The system is designed to desalinate brackish groundwater—a salty water source found in underground reservoirs more common than fresh groundwater resources. Researchers see brackish groundwater as a vast, untapped source of potential drinking water, especially as freshwater reserves are threatened in parts of the world. They envision that this renewable, battery-free system could provide essential, low-cost drinking water, particularly for inland communities with limited access to seawater and the electrical grid.
"Most people live far enough from the coast that seawater desalination could never reach them. They rely heavily on groundwater, especially in remote and low-income regions. Unfortunately, this groundwater is becoming saltier due to climate change," explains Jonathan Bessette, a mechanical engineering PhD student at MIT. "This technology could bring clean, sustainable, and affordable water to disadvantaged regions worldwide."
The researchers’ report detailing the new system is published in a paper in Nature Water.
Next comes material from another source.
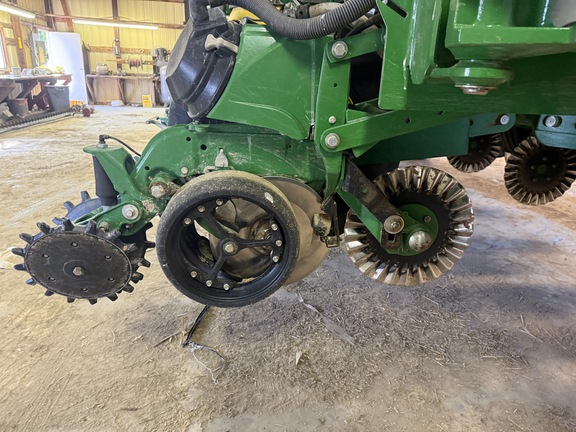 Photo of 2025 John Deere 1795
Co-authors of the study include Bessette, Winter, and engineer Shane Pratt.
Pump and Flow
The new system builds on a previous design by Winter and colleagues, including former MIT postdoc Wei He. This earlier system aimed to desalinate water using "batch electrodialysis."
Electrodialysis and reverse osmosis are two primary methods for desalinating brackish groundwater. Reverse osmosis uses pressure to push salty water through a membrane, filtering out salts. Electrodialysis uses an electric field to extract salt ions as water is pumped through a stack of ion-exchange membranes.
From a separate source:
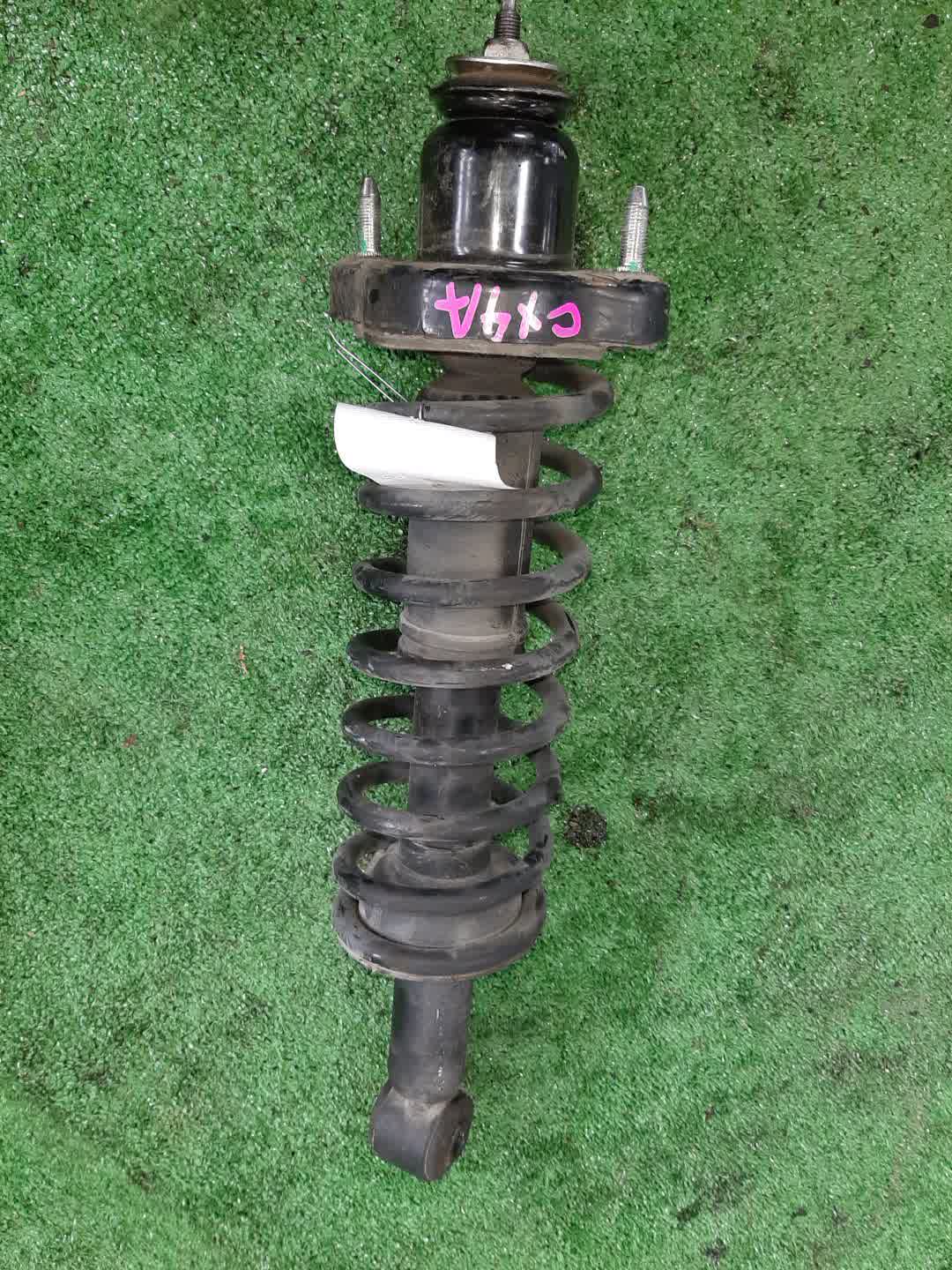 Стойка левая задняя MITSUBISHI GALANT FORTIS CX6A, CX4A, CX3A, CY4A, CY3A, CY6A 4J10, 4B11, 4B10 1 ракурс Стойка левая задняя MITSUBISHI GALANT FORTIS CX6A, CX4A, CX3A, CY4A, CY3A, CY6A 4J10, 4B11, 4B10 1 ракурс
Scientists have sought to power both methods with renewable sources, but this has been particularly challenging for reverse osmosis systems, which traditionally operate at a stable power level incompatible with naturally variable energy sources like the sun.
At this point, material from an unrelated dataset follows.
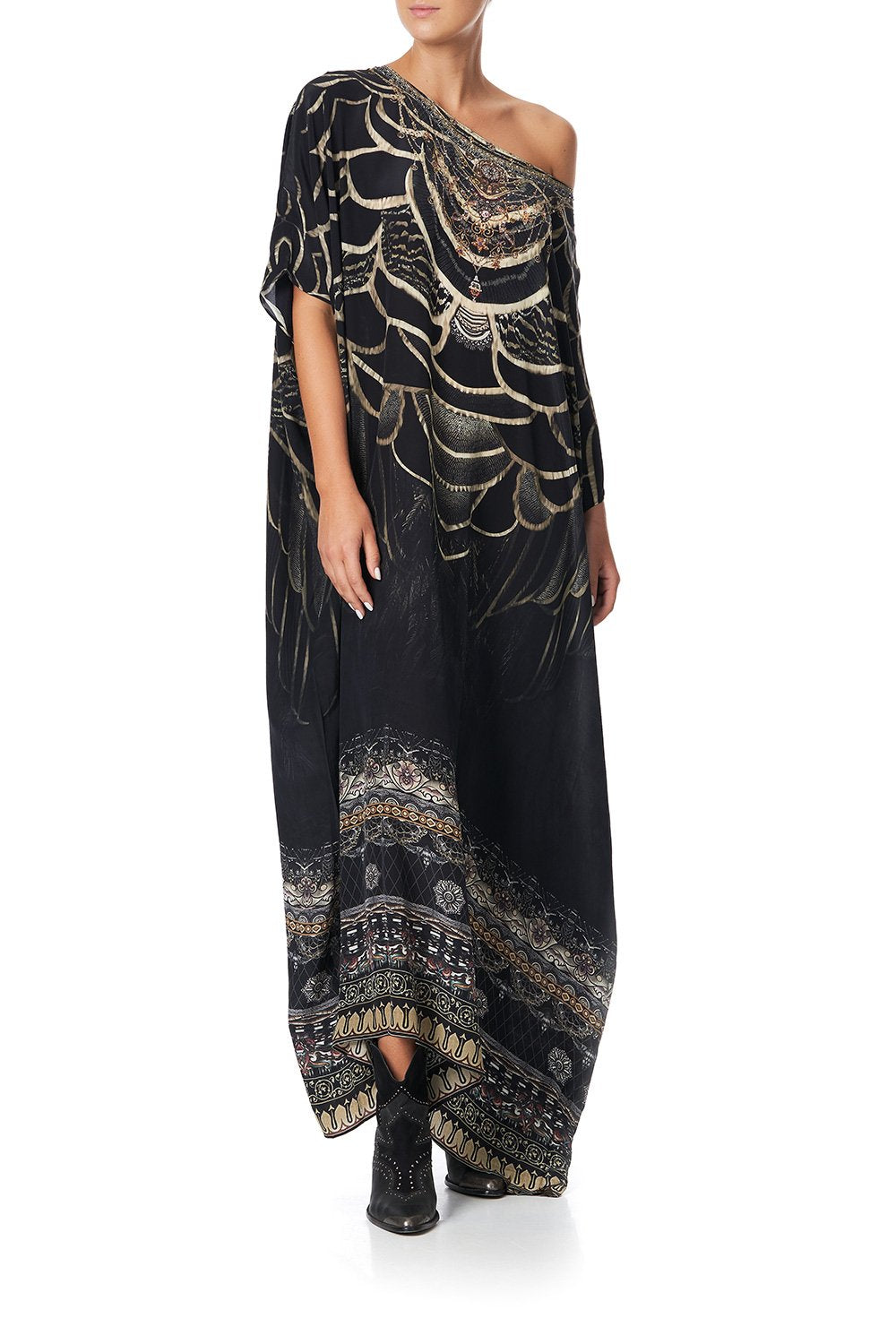 ROUND NECK KAFTAN UNDER A FULL MOON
Winter, He, and their colleagues focused on electrodialysis, seeking ways to create a more flexible, "time-varying" system that would respond to variations in renewable solar energy.
In their previous design, the team built an electrodialysis system comprising water pumps, a stack of ion-exchange membranes, and a solar panel array. The innovation was a model-based control system that used sensor readings from each part of the system to predict the optimal flow rate for pumping water through the stack and the voltage to apply to maximize salt extraction.
When the team tested this system in the field, they could vary water production based on natural sunlight variations. On average, the system directly used 77% of the available electrical energy produced by the solar panels, which the team estimated to be 91% more than traditionally designed solar-powered electrodialysis systems.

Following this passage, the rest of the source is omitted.